For the year ended December 31, 2021, we had net income of $1,715,748, which
consisted of the change in fair value of warrant liabilities of $3,626,532 and
interest earned on investments held in Trust Account of $39,258, offset by
formation and operating expenses of $1,338,412 and transaction costs incurred in
connection with the warrant liabilities of $611,630.
For the period from October 6, 2020 (inception) through December 31, 2020, we
had a net loss of $2,241, which consisted of formation and operating expenses.
Liquidity and Capital Resources
On January 14, 2021, the Company consummated the Initial Public Offering of
27,600,000 Units, which includes the full exercise by the underwriter of its
over-allotment option in the amount of 3,600,000 Units, at $10.00 per Unit,
generating gross proceeds of $276,000,000 which is described in Note 4.
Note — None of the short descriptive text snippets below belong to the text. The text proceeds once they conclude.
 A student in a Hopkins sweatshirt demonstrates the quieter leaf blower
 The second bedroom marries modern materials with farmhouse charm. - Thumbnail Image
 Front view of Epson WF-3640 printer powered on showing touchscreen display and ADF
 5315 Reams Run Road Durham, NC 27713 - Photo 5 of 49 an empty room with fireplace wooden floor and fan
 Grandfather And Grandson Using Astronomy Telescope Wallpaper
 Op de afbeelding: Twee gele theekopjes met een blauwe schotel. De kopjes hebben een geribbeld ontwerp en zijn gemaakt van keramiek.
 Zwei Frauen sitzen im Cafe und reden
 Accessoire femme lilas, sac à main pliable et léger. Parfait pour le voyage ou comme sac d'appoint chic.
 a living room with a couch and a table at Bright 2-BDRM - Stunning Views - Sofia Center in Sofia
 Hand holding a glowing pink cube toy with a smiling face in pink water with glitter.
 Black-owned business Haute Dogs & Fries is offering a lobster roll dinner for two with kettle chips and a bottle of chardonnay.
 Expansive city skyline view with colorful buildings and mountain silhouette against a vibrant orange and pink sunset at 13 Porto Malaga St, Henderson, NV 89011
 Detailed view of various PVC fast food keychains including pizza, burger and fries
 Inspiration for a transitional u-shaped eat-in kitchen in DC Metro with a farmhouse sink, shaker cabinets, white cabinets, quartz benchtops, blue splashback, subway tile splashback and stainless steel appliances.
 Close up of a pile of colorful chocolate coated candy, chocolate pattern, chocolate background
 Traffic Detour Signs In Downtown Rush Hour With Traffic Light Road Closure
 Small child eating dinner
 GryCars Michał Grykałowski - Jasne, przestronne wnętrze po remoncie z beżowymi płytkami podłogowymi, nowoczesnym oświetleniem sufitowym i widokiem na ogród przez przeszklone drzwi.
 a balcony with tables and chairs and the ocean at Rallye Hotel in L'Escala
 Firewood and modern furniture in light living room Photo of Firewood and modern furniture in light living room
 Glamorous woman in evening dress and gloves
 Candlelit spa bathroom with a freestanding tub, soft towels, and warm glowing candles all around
Simultaneously with the closing of the Initial Public Offering, we consummated
the sale of 7,520,000 Private Placement Warrants at a price of $1.00 per Private
Placement Warrant in a private placement with the Sponsor, generating gross
proceeds of $7,520,000, which is described in Note 5.
Following the Initial Public Offering, the full exercise of the over-allotment
option, and the sale of the Private Units, a total of $276,000,000 was placed in
the Trust Account. We incurred related costs of $15,649,762, consisting of
$5,520,000 in cash underwriting fees, $9,660,000 of deferred underwriting fees
and $469,762 of other offering costs relating to the Initial Public Offering.
For the year ended December 31, 2021, cash used in operating activities was
$889,116. Net income of $1,715,748 was affected by the change in fair value of
the warrant liability of $3,626,532, transaction costs incurred in connection
with the warrant liability of $611,630, and interest earned on investments held
in Trust Account of $39,258. Net changes in operating assets and liabilities
provided $449,296 of cash for operating activities.
For the period from October 6, 2020 (inception) through December 31, 2020, cash
used in operating activities was $0. Net loss of $2,241 was affected by the
changes in operating assets and liabilities.
As of December 31, 2021, we had investments held in the Trust Account of
$276,039,258 (including $39,258 of interest income consisting of U.S. Treasury
Bills with a maturity of 185 days or less). Interest income on the balance in
the Trust Account may be used by us to pay taxes. Through December 31, 2021, we
have not withdrawn any interest earned from the Trust Account.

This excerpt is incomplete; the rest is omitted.